## TO DO:
Look through the records and copy each line with the string "Photo" in it.

## RAW DATA:
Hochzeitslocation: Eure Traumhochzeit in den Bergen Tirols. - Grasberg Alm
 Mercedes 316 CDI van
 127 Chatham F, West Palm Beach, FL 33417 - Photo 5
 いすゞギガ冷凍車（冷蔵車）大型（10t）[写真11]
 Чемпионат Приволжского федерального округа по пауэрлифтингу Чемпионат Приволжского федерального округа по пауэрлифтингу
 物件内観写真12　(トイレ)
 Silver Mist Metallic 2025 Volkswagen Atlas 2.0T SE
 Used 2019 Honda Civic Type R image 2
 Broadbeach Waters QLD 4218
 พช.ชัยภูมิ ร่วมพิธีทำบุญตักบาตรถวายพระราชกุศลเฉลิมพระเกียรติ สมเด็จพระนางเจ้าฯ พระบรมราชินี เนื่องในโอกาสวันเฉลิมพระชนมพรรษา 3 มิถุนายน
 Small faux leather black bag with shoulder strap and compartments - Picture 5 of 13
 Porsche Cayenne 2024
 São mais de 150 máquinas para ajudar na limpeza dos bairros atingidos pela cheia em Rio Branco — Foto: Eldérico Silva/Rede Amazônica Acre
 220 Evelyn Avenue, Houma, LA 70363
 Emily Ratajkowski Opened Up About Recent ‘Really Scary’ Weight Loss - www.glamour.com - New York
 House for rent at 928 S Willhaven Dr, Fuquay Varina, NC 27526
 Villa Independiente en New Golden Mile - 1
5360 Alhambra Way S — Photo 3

## SOLVED EXERCISE:
 127 Chatham F, West Palm Beach, FL 33417 - Photo 5
5360 Alhambra Way S — Photo 3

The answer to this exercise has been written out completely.